Five-hole susceptible to Oilers goalie, counterpart vulnerable under arms

by Kevin Woodley / Correspondent

Goaltending plays an integral part in the Stanley Cup Playoffs, so much like many NHL goalie coaches do before a playoff series charted every goal scored against each goalie this season with the help of Double Blue Sport Analytics. Graphics showing where goals went in and shots were taken are nice but the real value is tracking and analyzing the types of plays that led to them, and whether they reveal strengths, weaknesses and tendencies that can be targeted.


Cam Talbot erased any lingering questions about his ability to be a No. 1 goaltender with a workhorse season for the Edmonton Oilers, setting an Oilers record with 42 wins, and finishing with a .919 save percentage in an NHL-high 73 starts. Martin Jones did the same thing last season for the San Jose Sharks, helping them reach the Stanley Cup Final, and he backed that up with another solid season in 2016-17. Jones was third behind Talbot with 65 starts, but the likenesses don't end there for two goalies with a similarly balanced technical style.


[RELATED: Complete Oilers-Sharks series coverage]


Cam Talbot, Edmonton Oilers

Talbot plays a controlled game, staying in touch with the edges of his crease and beating plays on his skates with efficient inside-out movements that prioritize angle before adding depth. With good size at 6-foot-3 and active hands he doesn't overuse by reaching; Talbot doesn't open up, forcing shooters to beat him with good shots around the edges of the net.



Five-hole open?: If there's one exception, it's between the legs, where Talbot gave up 26 goals this season. Some of that can be tied to a bit of an upright stance and narrow butterfly but it's also a function of the lateral scoring chances that force him to get across the crease, which opens up goalies as they move. Seventy-one of his 171 goals (41.5 percent) came on plays across the slot line, an imaginary line splitting the zone below the top of the faceoff circles, and 81 of his goals (47.4 percent) were one-timers that didn't let him set after a lateral play.

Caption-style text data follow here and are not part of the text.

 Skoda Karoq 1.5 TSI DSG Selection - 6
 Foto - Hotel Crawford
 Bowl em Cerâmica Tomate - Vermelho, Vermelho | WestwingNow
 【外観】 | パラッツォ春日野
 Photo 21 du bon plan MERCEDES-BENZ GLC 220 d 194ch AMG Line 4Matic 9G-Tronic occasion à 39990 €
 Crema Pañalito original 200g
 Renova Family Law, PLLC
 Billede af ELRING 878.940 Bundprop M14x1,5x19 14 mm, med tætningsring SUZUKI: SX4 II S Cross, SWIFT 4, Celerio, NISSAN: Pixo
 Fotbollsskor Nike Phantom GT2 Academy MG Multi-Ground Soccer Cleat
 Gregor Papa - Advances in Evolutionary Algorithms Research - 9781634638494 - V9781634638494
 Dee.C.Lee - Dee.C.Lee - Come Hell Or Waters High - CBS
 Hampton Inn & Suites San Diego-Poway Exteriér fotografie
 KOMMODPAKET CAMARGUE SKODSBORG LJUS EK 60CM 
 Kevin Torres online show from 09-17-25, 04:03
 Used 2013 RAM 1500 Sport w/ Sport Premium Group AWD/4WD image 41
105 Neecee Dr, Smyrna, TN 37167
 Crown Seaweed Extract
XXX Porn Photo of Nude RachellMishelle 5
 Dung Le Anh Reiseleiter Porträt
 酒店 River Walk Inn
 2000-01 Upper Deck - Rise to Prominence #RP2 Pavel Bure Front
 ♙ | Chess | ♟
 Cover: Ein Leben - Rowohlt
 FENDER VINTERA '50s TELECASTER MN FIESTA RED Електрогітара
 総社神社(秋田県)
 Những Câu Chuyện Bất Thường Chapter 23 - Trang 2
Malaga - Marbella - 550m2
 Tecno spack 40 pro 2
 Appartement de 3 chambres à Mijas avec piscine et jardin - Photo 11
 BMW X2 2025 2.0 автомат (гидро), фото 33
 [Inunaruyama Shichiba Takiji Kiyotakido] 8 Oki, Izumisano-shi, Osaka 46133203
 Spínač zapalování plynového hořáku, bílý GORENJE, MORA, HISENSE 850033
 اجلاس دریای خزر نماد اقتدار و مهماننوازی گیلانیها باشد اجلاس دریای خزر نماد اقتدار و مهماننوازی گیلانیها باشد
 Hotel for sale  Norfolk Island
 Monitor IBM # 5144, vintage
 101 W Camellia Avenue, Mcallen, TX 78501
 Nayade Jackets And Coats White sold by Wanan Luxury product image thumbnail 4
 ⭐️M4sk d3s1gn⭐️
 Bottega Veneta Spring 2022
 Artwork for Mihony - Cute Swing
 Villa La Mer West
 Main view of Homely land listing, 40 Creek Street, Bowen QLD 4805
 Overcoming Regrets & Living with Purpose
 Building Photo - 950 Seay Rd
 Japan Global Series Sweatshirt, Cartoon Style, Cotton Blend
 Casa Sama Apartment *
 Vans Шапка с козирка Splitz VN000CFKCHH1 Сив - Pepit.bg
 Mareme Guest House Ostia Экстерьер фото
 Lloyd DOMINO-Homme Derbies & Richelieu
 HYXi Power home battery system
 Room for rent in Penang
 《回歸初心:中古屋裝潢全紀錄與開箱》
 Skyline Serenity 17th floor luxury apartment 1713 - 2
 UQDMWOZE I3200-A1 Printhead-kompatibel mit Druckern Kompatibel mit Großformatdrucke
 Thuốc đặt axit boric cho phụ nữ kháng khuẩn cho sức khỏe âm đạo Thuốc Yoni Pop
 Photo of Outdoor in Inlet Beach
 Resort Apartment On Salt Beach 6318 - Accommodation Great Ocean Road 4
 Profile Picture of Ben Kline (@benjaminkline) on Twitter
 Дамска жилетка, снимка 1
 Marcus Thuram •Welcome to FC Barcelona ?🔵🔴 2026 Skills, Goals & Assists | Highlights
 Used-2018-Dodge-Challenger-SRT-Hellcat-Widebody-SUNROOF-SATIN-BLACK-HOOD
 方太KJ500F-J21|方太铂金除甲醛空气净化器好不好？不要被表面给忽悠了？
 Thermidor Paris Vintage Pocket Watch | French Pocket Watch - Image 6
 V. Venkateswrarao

Low-high and quick shots: Talbot was beaten 36 times on low-high plays, or passes from below the goal line. While there is sometimes a slight delay moving off the post when he places his pad inside it, this high number is mostly due to defensive coverage issues, especially early in the season. Of the 36 low-high goals, 29 involved one-time shots, 13 also went across the slot line, and eight had a same-side lateral element, all plays that make it tough for the goaltender to gain any depth or often even rotate into angle because they start on the goal line.

On the ice blocker side? Don't make too much of that high total near Talbot's right skate. Of those 22 goals, 15 involved a play across the slot line, and 12 of those were one-touches on the other end of a pass, indicative of a backdoor tap-in. That's not easy to do against Talbot and even when you create a great chance like that, it's still important to elevate the puck because Talbot's conservative positioning and efficient movements mean he's going to at least cover the bottom with his pads more often than not, even on quick lateral plays and shots.

Work for rebounds: Of the 43 rebound goals Talbot gave up, only seven came off clean shots, so the Sharks are going to have to work for second chances by creating tougher first ones.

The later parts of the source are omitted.